Um dos principais desafios é o fato de as anãs vermelhas jovens terem ferozes erupções estelares que liberam radiação devastadora. Este período de grande atividade dura muito mais tempo do que o de estrelas como o nosso Sol. As erupções são alimentadas por campos magnéticos intensos que ficam emaranhados devido aos movimentos da atmosfera estelar. Quando o emaranhado se torna demasiado intenso, os campos quebram-se e voltam a ligar-se, liberando enormes quantidades de energia que são 100 a 1.000 vezes mais energéticas do que o nosso Sol libera nas suas explosões.
Nestas condições tórridas, os planetas que se formam nos primeiros 100 milhões de anos após o nascimento da estrela devem sofrer a maior quantidade de fuga atmosférica. Isto pode acabar por despojar completamente um planeta da sua atmosfera.
Embora o brilho da estrela impeça o Hubble de ver o planeta diretamente, o telescópio pode medir as alterações no brilho aparente da estrela causadas pelo hidrogênio que foge do planeta e que escurece a luz da estrela quando o planeta transita. Este hidrogênio atmosférico foi aquecido ao ponto de escapar à gravidade do planeta. As mudanças nunca antes vistas no fluxo atmosférico de AU Mic b podem indicar uma variabilidade rápida e extrema nos surtos da anã vermelha hospedeira. Há tanta variabilidade porque a estrela tem muitas linhas de campo magnético.
Uma possível explicação para a ausência de hidrogênio durante um dos trânsitos do planeta é que uma poderosa erupção estelar, observada sete horas antes, pode ter fotoionizado o hidrogênio em fuga ao ponto deste se tornar transparente à luz, não sendo assim detectável. Outra explicação é que o próprio vento estelar está moldando o fluxo planetário, tornando-o observável em alguns momentos e não observável em outros.
Este fenômeno está previsto em alguns modelos, como os de John McCann e Ruth Murray-Clay da Universidade da Califórnia em Santa Cruz, mas este é o primeiro tipo de evidência observacional de que tal acontece e num grau tão extremo.
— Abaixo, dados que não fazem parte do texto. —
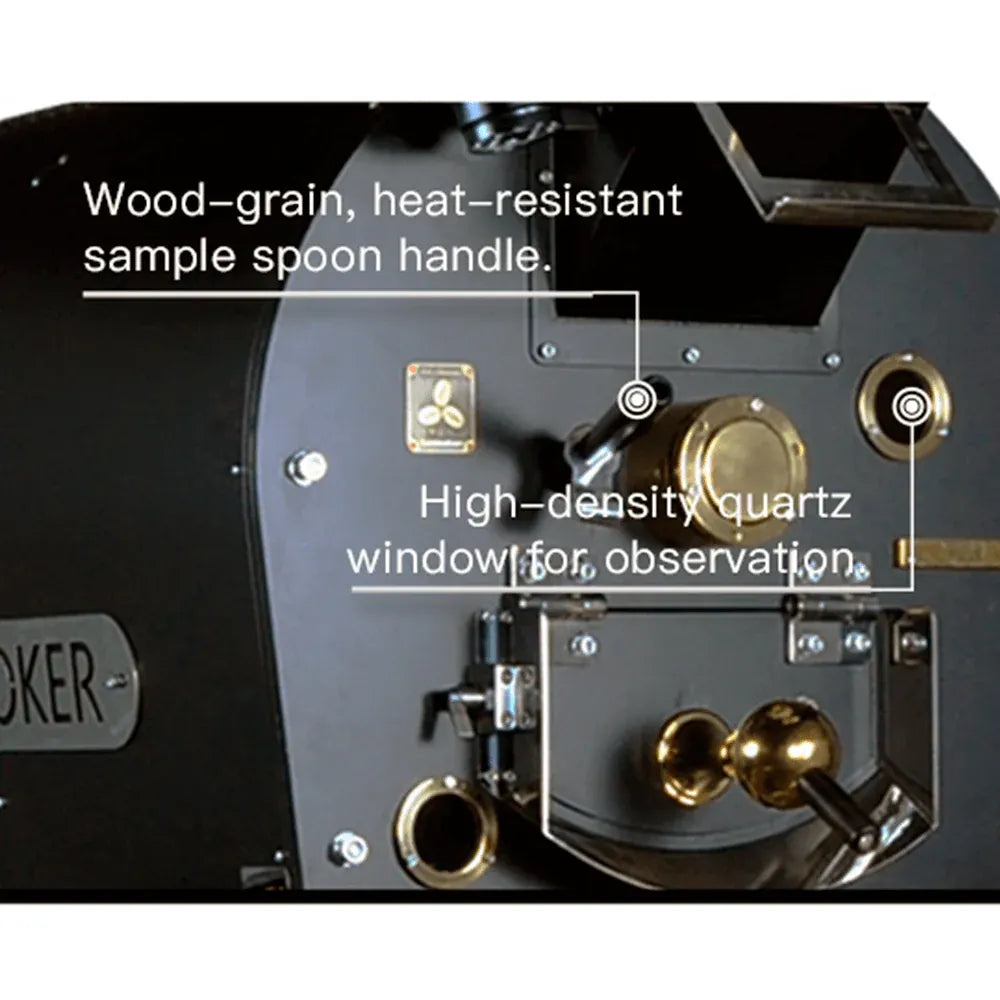 Santoker R15 Master Coffee Roaster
As observações de acompanhamento, pelo telescópio espacial Hubble, de mais trânsitos de AU Mic b deverão fornecer pistas adicionais sobre a estranha variabilidade da estrela e do planeta, testando ainda mais os modelos científicos do escape e da evolução da atmosfera exoplanetária.
Um artigo científico foi aceito para publicação no periódico The Astronomical Journal.